Sunday, July 19, 2020
Book Review: Bad, Or The Dumbing of America by Paul Fussell
This book is the fifth of Fussell's writings that I have read. After The Great War and Modern Memory, Wartime, The Boys Crusade, and Doing Battle, this one does not measure up to those high standards. Maybe that is deliberate as the subject matter is more an observation of various American foibles from a cynical perspective than a serious historical inquiry. Fussell offers up a critique of American culture and habits from a professorial perch that comes off as elitist and snobbish although with its occasional humorous flare. From Fussell's perspective, the average American is a superficial bore, a gullible sap that succumbs to advertisers' blandishments hook, line and sinker and then uses this wide array of fake accouterments to create the aura of sophistication and a well-bred upbringing.
But as with all of Fussell’s books, what is advertised via the government or business is pure poppycock. His books on WWI and II illustrate this point in a cruel hoax of a way. If irony is the spice of life, it is also the literary weapon that exposes government corruption and hypocrisy. Think of all the patriotic songs and movies that make war the equivalent of something akin to an LSU/Alabama football game and juxtapose that image next to men screaming for their mother as they get their limbs blown off in a battle whose advertised purpose borders on the macabre.
This book, though, is more on the satirical side. Fussell divides each chapter into a specific area of American life and conduct that he labels BAD as opposed to merely bad. Thus, we get a sociological take on the absurdity of the restaurant menu that offers lousy food but served in an atmosphere of conceit and status. Ditto books, movies, people, magazines, higher education, newspapers, and the like. The only area Fussell overlooks is sports.
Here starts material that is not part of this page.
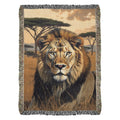 Lion woven blanket with safari-inspired wildlife art of majestic lion on savanna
However, Fussell veers off into an attitude of condescension towards the average American that is almost insulting. In his world, circa 1989, Americans are base people who are suckers for every cheap form of make believe status symbols and commercial come ons and rip-offs that satisfy their social insecurities. The truth is that the average American is just as amused as Fussell by the culture of ego feeding that permeates American life. Fussell's lighthearted approach reminds one of MAD Magazine, where every aspect of American life was satirically ripped apart. However, MAD's shtick was always with a wink and a nod at the ultimate wisdom of the "common man." Fussell sees the average American though the eyes of Mencken and Upton Sinclair's Babbitt, whose is actually quoted verbatim on one page. Fussell's political ideology interferes with the book's central point: the comical boorishness of American middle class culture. Thus, we are treated to Fussell's own base prejudices and assumptions that have always infected the American intellectual class: Republicans are stupid and so are voters for falling for their idiotic sloganeering. The unstated implication is that those left of center, especially college professors, are the Platonic betters in our society and should be allowed to dictate social mores to the rest of us. This view is pure nonsense.
I was surprised by Fussell's political bias. His books on WWI and II evince an absolute hostility towards government and its habitual lies and cover-ups while hordes of incredulous young men were carted off to battle to be killed and mutilated like hogs in a meat processing plant. Fussell died in 2012. Maybe his political views changed. But if you are going to be a cynic and skeptic, at least spread that attitude across the board. Otherwise, you end up sounding like, well, a college professor.
Recommendation: Read but only after you have read Fussell’s other, more serious books.